[Records for processing]
"""

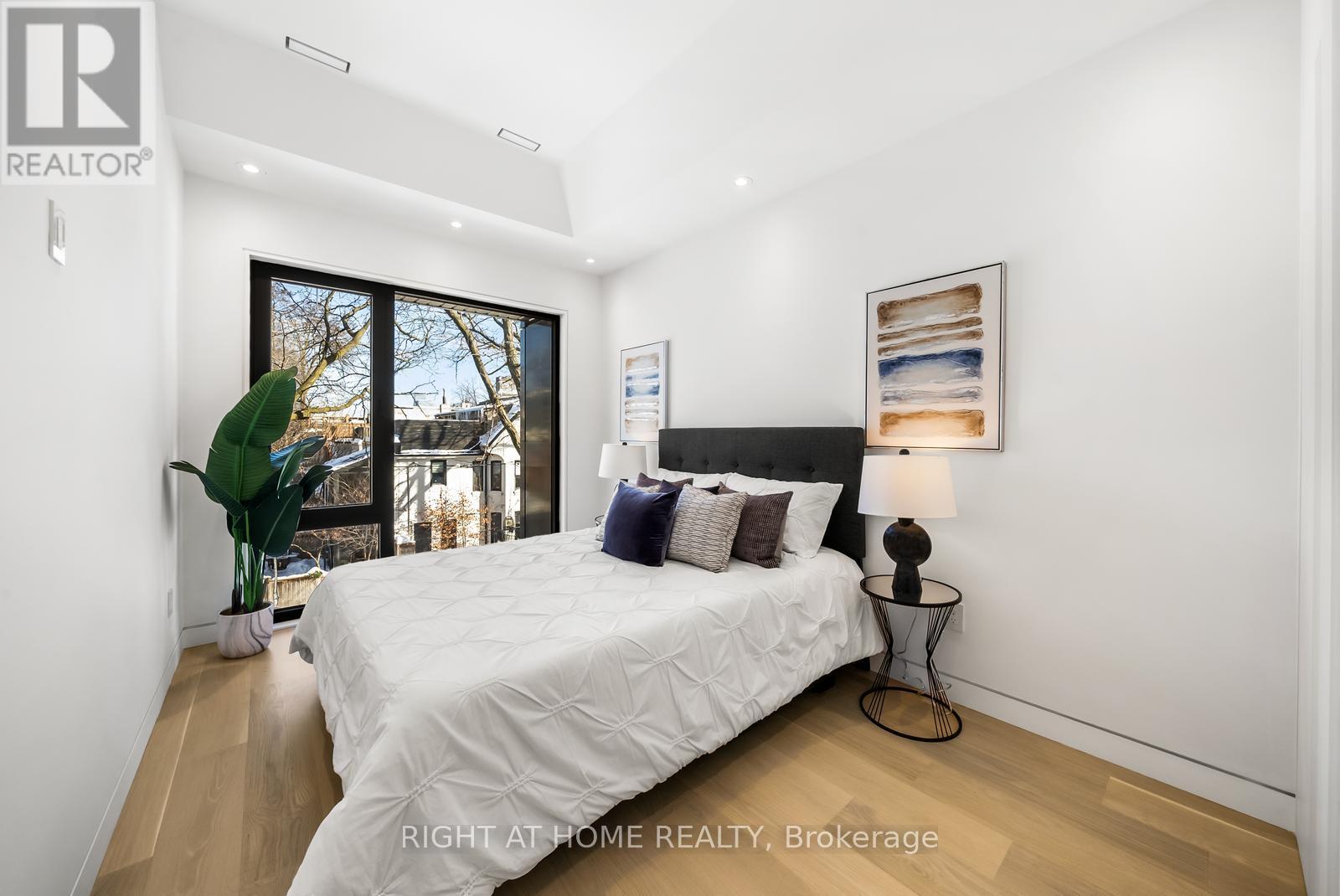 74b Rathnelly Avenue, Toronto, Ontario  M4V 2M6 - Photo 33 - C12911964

"""
"""

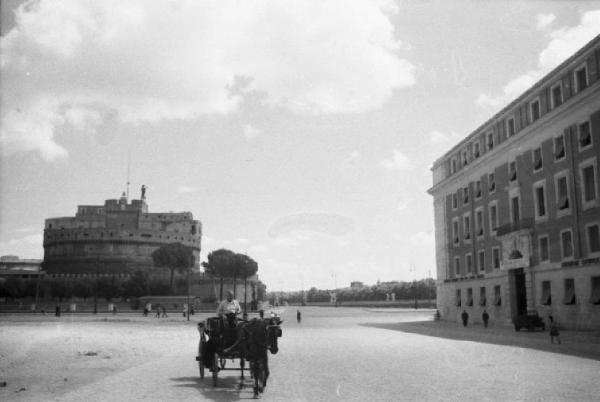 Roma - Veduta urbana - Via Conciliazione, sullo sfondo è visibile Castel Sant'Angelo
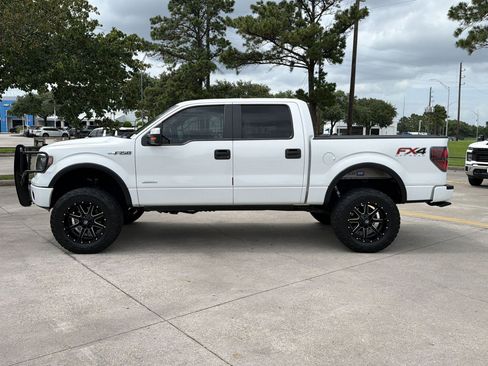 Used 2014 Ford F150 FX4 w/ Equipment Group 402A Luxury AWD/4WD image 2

"""
"""

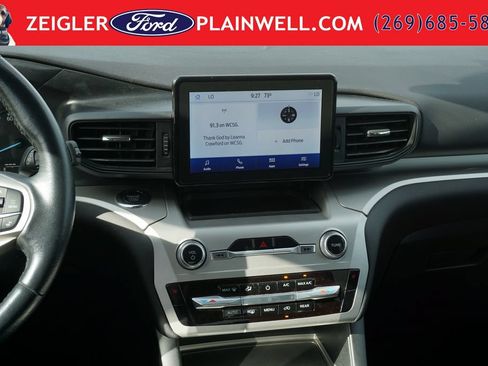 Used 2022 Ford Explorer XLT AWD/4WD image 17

"""

[Work request] Beginning at the line above that contains "Roma - Veduta", repeat each line exactly through the one that contains "Used 2014 Ford", and leave out the pictures.

[Answer to this task]
 Roma - Veduta urbana - Via Conciliazione, sullo sfondo è visibile Castel Sant'Angelo
 Used 2014 Ford F150 FX4 w/ Equipment Group 402A Luxury AWD/4WD image 2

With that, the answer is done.